Brown Ashley E, Motaparthi Kiran, Hsu Sylvia
Department of Dermatology, University of Florida College of Medicine, Gainesville, Florida.
Dermatol Online J. 2018 Jan 19;23(12):13030/qt96v387cj.
Rituximab and intravenous immunoglobulin [IVIg] have recently emerged as effective treatments for pemphigus refractory to corticosteroids [CS]. This case series sought to compare the clinical, serologic,and adverse effects of CS, IVIg, and rituximab in patients with pemphigus. A retrospective review of 63 patients with pemphigus vulgaris (PV), pemphigus foliaceus (PF), or paraneoplastic pemphigus (PNP)was performed. Clinical remission (CR), serologic remission (SR), and adverse effects were evaluated. Three study groups were compared: patients treated with systemic CS, refractory patients treated withIVIg, and refractory patients treated with rituximab. The overall number of adverse effects was not significantly different between the groups but those observed in patients treated with systemic CS weremore severe. CR was less likely in the patients treated with systemic CS than in patients treated with IVIg or rituximab, P-value = 0.000467. SR was more likely in patients treated with systemic CS or rituximab thanin patients treated with IVIg, P-value = 0.002118. These results suggest that the clinical efficacy of IVIg is not correlated with an expected concomitant SR. Frequently reserved for refractory pemphigus,IVIg and rituximab are significantly more likely to produce clinical remission than systemic CS therapy, suggesting their utility as first-line treatments.
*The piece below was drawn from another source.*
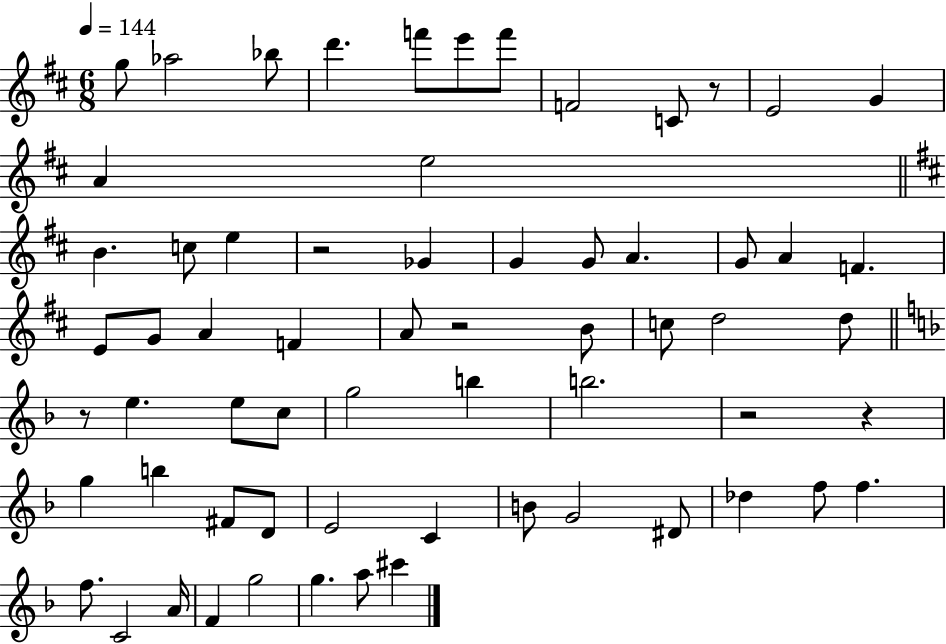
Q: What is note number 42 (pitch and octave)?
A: D4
利妥昔单抗和静脉注射免疫球蛋白(IVIg)最近已成为治疗对皮质类固醇(CS)难治的天疱疮的有效方法。本病例系列旨在比较CS、IVIg和利妥昔单抗在天疱疮患者中的临床、血清学及不良反应。对63例寻常型天疱疮(PV)、落叶型天疱疮(PF)或副肿瘤性天疱疮(PNP)患者进行了回顾性研究。评估了临床缓解(CR)、血清学缓解(SR)及不良反应。比较了三个研究组:接受全身CS治疗的患者、接受IVIg治疗的难治性患者和接受利妥昔单抗治疗的难治性患者。各组间不良反应的总数无显著差异,但全身CS治疗患者中观察到的不良反应更严重。接受全身CS治疗的患者比接受IVIg或利妥昔单抗治疗的患者CR可能性更低,P值 = 0.000467。接受全身CS或利妥昔单抗治疗的患者比接受IVIg治疗的患者SR可能性更高,P值 = 0.002118。这些结果表明,IVIg的临床疗效与预期的伴随SR不相关。IVIg和利妥昔单抗常用于难治性天疱疮,它们产生临床缓解的可能性显著高于全身CS治疗,表明它们作为一线治疗的效用。